Case: Van Aert v. Sweda Farms Ltd. (Best Choice Eggs), 2018 ONCA 831 (CanLII)
Keywords: Eggs; Dismissal for Delay; Rules of Civil Procedure, RRO 1990, Reg 194
The Appellant, Sweda Farms Ltd., produces, grades, and sells eggs. The Respondents are egg suppliers. In 2008, after their business relationship ends, the Respondents are egged on to bring an action for the price of eggs supplied. The Appellant counterclaims.
A trial is scheduled. The Appellant’s previous counsel seeks an adjournment on terms, including consenting to a $164,560.92 judgment (with an Order that this judgment be stayed pending disposition of a future motion). The Appellant is required to pay the amount into Court on or before October 15, 2013. It does not. Further, the Appellant brings no motion and makes no steps to advance the counterclaim.
Five years later, the Appellant’s new counsel comes to court in search of a new Order allowing it to proceed with the counterclaim (if it pays the judgment funds into Court). The Appellant’s President asserts previous counsel acted without instructions and did not provide information relating to the judgment. The Motion Judge declines this request. The Court of Appeal confirms the result.
What Rules of Civil Procedure, RRO 1990, Reg 194 govern a party’s belated attempt to comply with an Order and proceed with a 5-year-old claim? The Court of Appeal noted the Motion Judge’s conclusion that the Rules are entirely silent on requests to “belatedly comply with an order”. (See para. 6).
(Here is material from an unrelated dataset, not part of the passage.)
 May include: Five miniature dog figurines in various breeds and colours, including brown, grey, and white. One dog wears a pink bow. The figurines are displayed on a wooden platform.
Reasoning by analogy, the Motion Judge dismissed the action pursuant to Rule 48 (i.e. dismissal for delay) and characterized the Appellant’s request as follows: “…the appellant is asking for an indulgence – to be relieved of the consequences of failing to comply with the court order five years earlier requiring it to pay funds into court.” (See para. 6).
The Appellant appealed on the basis that the Motion Judge applied the wrong legal test. The Court of Appeal disagreed. What was the test? The Motion Judge determined the onus was on the Appellant to establish two things:
- an acceptable explanation for the delay; and
- proof that the Respondents would suffer no non-compensable prejudice if the counterclaim was allowed to proceed. (See para. 7).
Citing Langenecker v. Sauvé, 2011 ONCA 803 (CanLII), at para. 15 and Faris v. Eftimovski, 2013 ONCA 360 (CanLII), at para. 22, the Court of Appeal determined a Motion Judge’s decision to make/not make a discretionary determination and on what basis are entitled to deference. (See para. 12).
With respect to the Motion Judge’s conclusions about prejudice, the Court of Appeal specifically noted there was “…no onus on the respondents to lead evidence to demonstrate actual prejudice: Chrisjohn v. Riley Estate, 2015 ONCA 713 (CanLII), 391 D.L.R. (4th) 695, at para. 40.” Further, the Court observed that “…to say that the prejudice identified is compensable by an award of costs…” would be “no answer” in these circumstances. (See paras. 13-14). For the Court of Appeal, the Appellant’s attempt to “…broaden a claim that would otherwise have been tried five years earlier” would result in actual prejudice. (See para. 13). No word from the Court of Appeal on whether anyone felt the yolk was on them, herein.
Counsel for the Appellant: Varoujan Arman and Jessica Wuthmann (Blaney McMurtry LLP, Toronto)
Counsel for the Respondents: Philip Morrissey and Isha Wadhwa (Phillip B. Morrissey, Professional Corporation, London)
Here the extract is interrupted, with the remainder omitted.